→ Aim of the task
Go through the data below and transcribe it exactly. Omit the images.

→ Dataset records
※

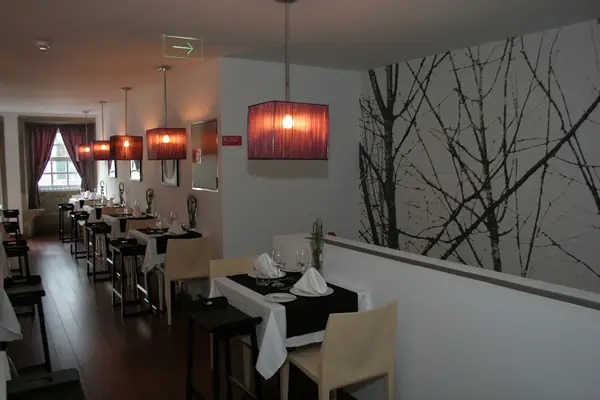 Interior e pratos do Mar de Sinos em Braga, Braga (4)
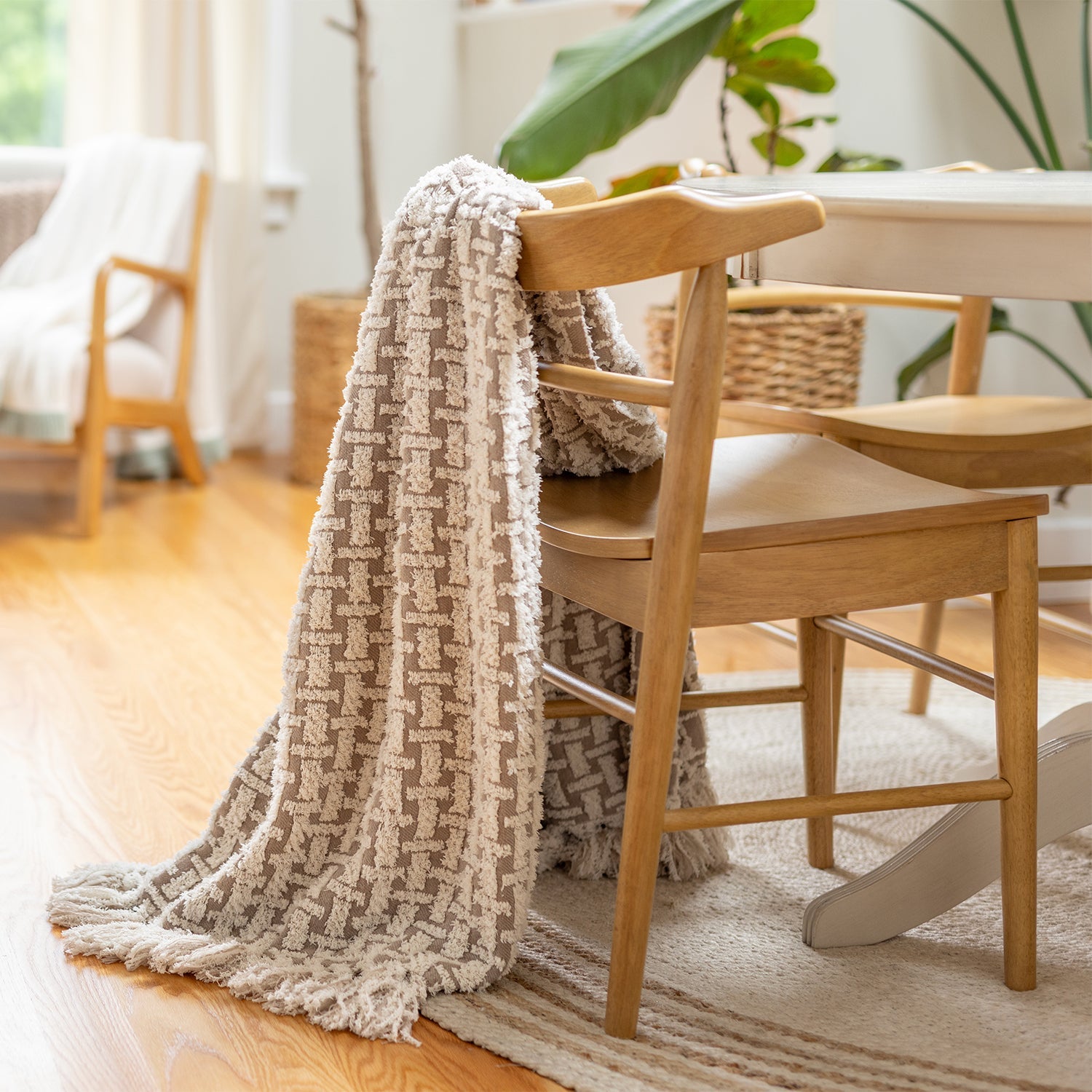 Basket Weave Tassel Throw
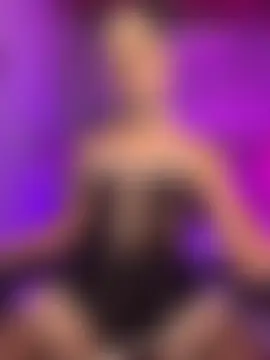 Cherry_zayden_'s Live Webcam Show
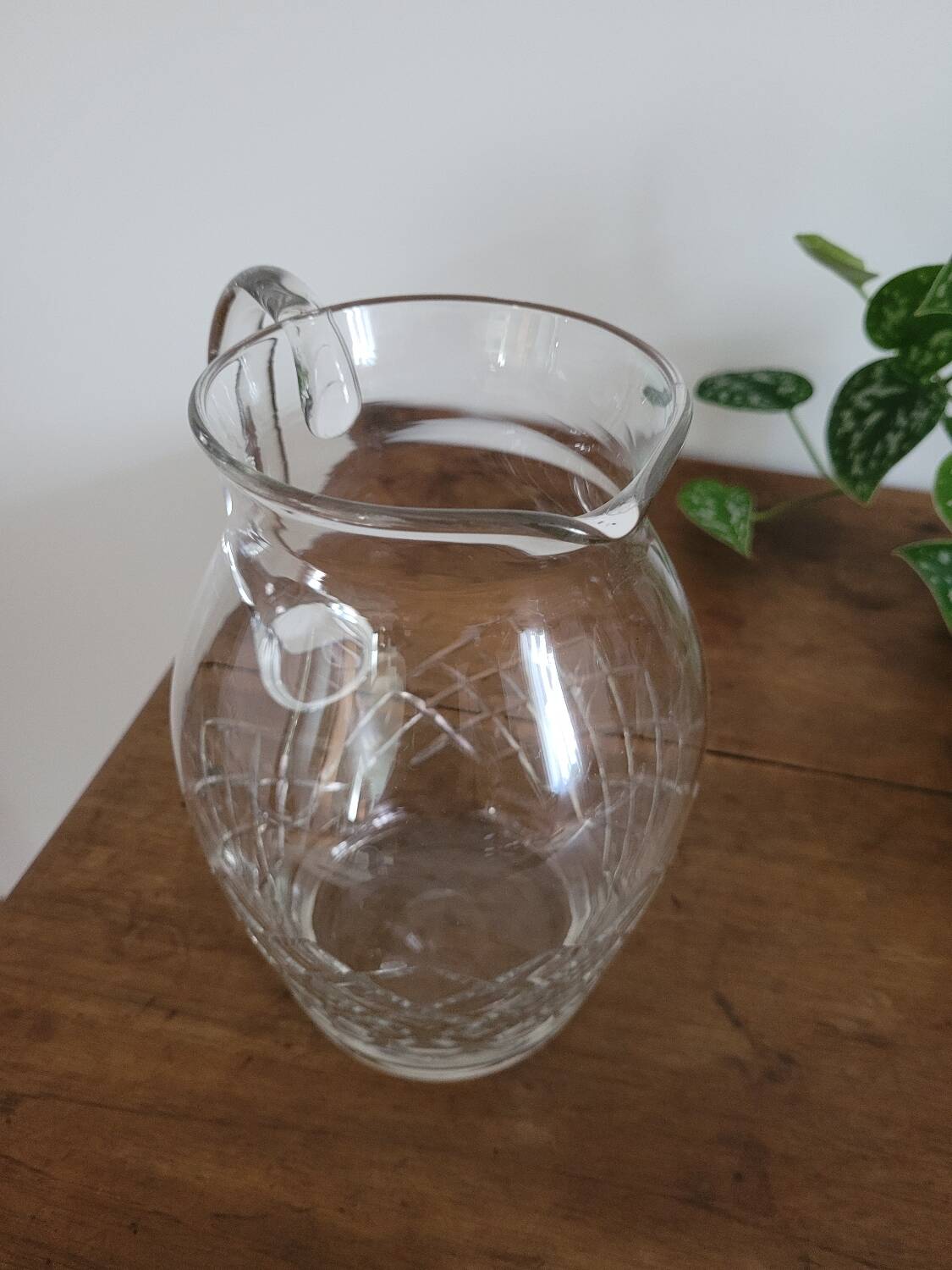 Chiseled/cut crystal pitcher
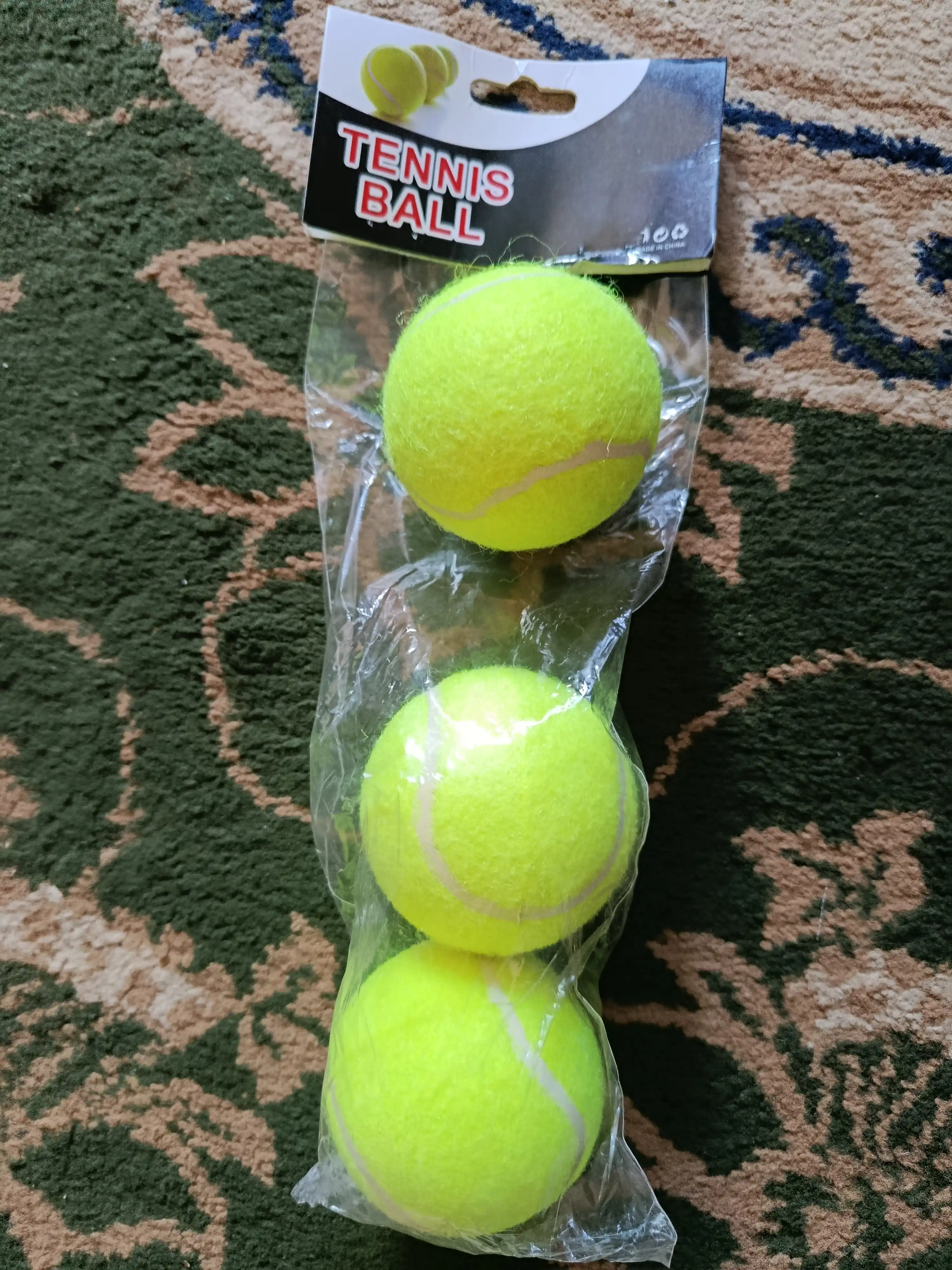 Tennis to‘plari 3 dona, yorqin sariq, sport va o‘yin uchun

※

→ Solution below
 Interior e pratos do Mar de Sinos em Braga, Braga (4)
 Basket Weave Tassel Throw
 Cherry_zayden_'s Live Webcam Show
 Chiseled/cut crystal pitcher
 Tennis to‘plari 3 dona, yorqin sariq, sport va o‘yin uchun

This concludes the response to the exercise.